- [REQUIRED WORK]:
Please reproduce the entries exactly, skipping each picture.

- [RECORDED INFORMATION]:
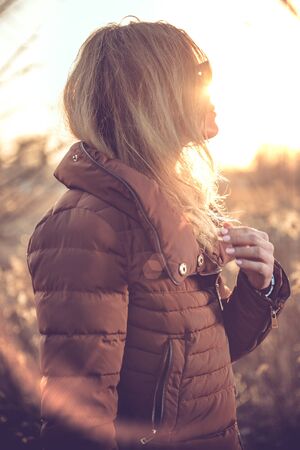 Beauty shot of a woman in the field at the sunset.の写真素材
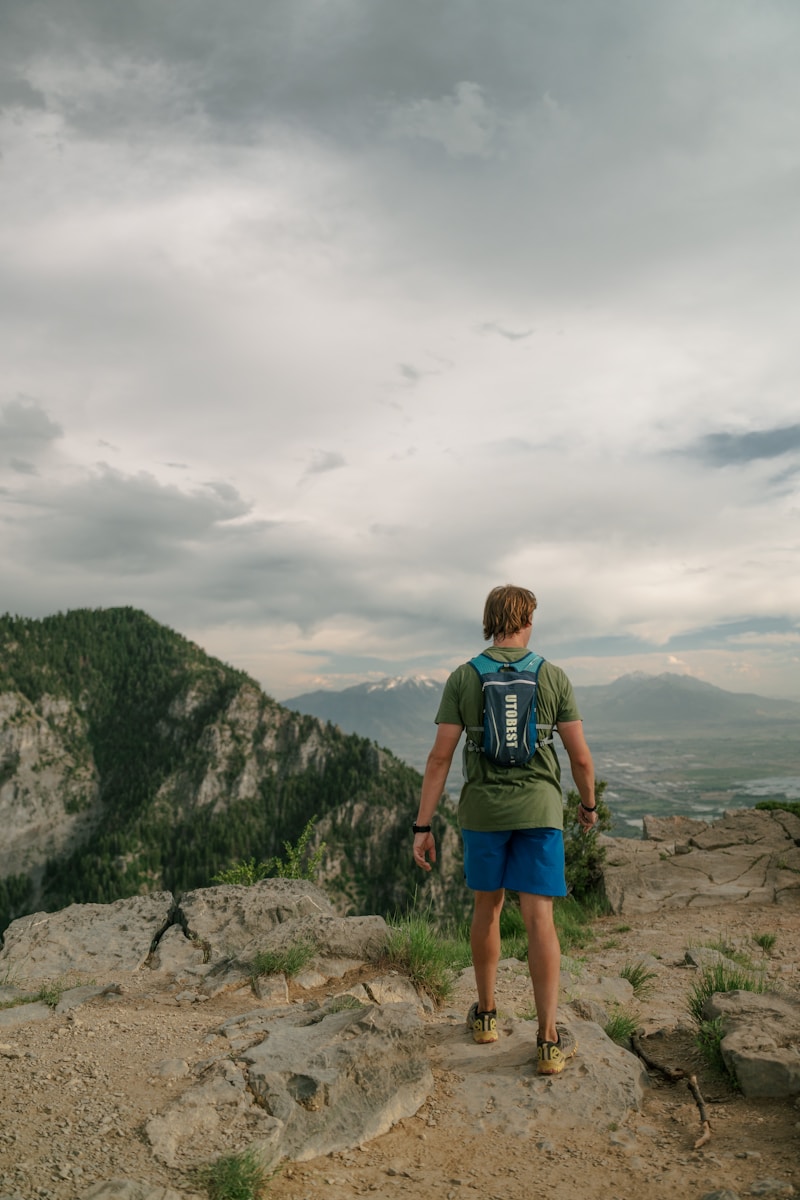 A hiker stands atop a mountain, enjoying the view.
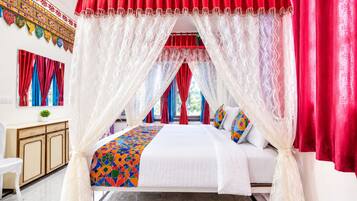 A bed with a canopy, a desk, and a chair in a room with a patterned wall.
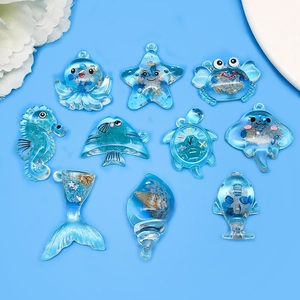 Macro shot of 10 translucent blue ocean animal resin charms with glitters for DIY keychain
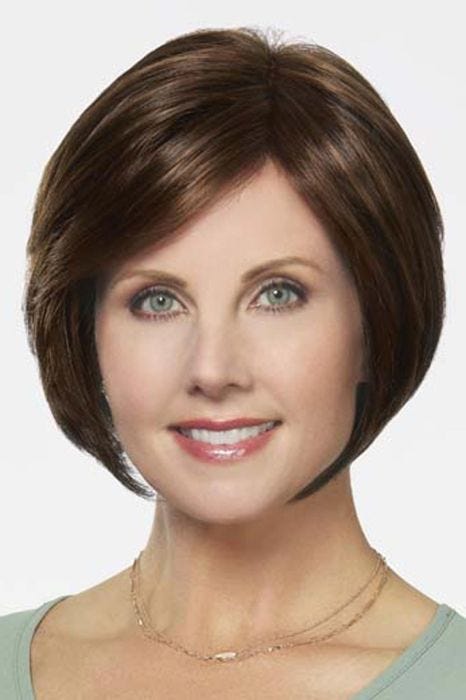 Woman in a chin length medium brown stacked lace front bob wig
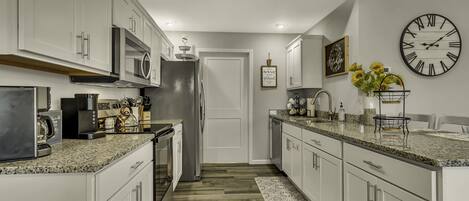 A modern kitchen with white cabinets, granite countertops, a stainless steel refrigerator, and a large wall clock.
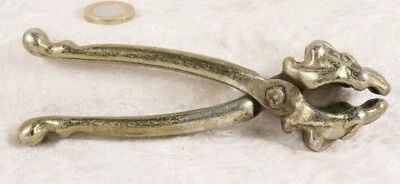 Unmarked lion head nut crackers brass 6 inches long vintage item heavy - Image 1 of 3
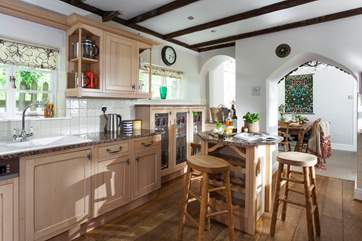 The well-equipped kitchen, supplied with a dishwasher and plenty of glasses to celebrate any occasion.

- [COMPLETED TASK]:
 Beauty shot of a woman in the field at the sunset.の写真素材
 A hiker stands atop a mountain, enjoying the view.
 A bed with a canopy, a desk, and a chair in a room with a patterned wall.
 Macro shot of 10 translucent blue ocean animal resin charms with glitters for DIY keychain
 Woman in a chin length medium brown stacked lace front bob wig
 A modern kitchen with white cabinets, granite countertops, a stainless steel refrigerator, and a large wall clock.
 Unmarked lion head nut crackers brass 6 inches long vintage item heavy - Image 1 of 3
 The well-equipped kitchen, supplied with a dishwasher and plenty of glasses to celebrate any occasion.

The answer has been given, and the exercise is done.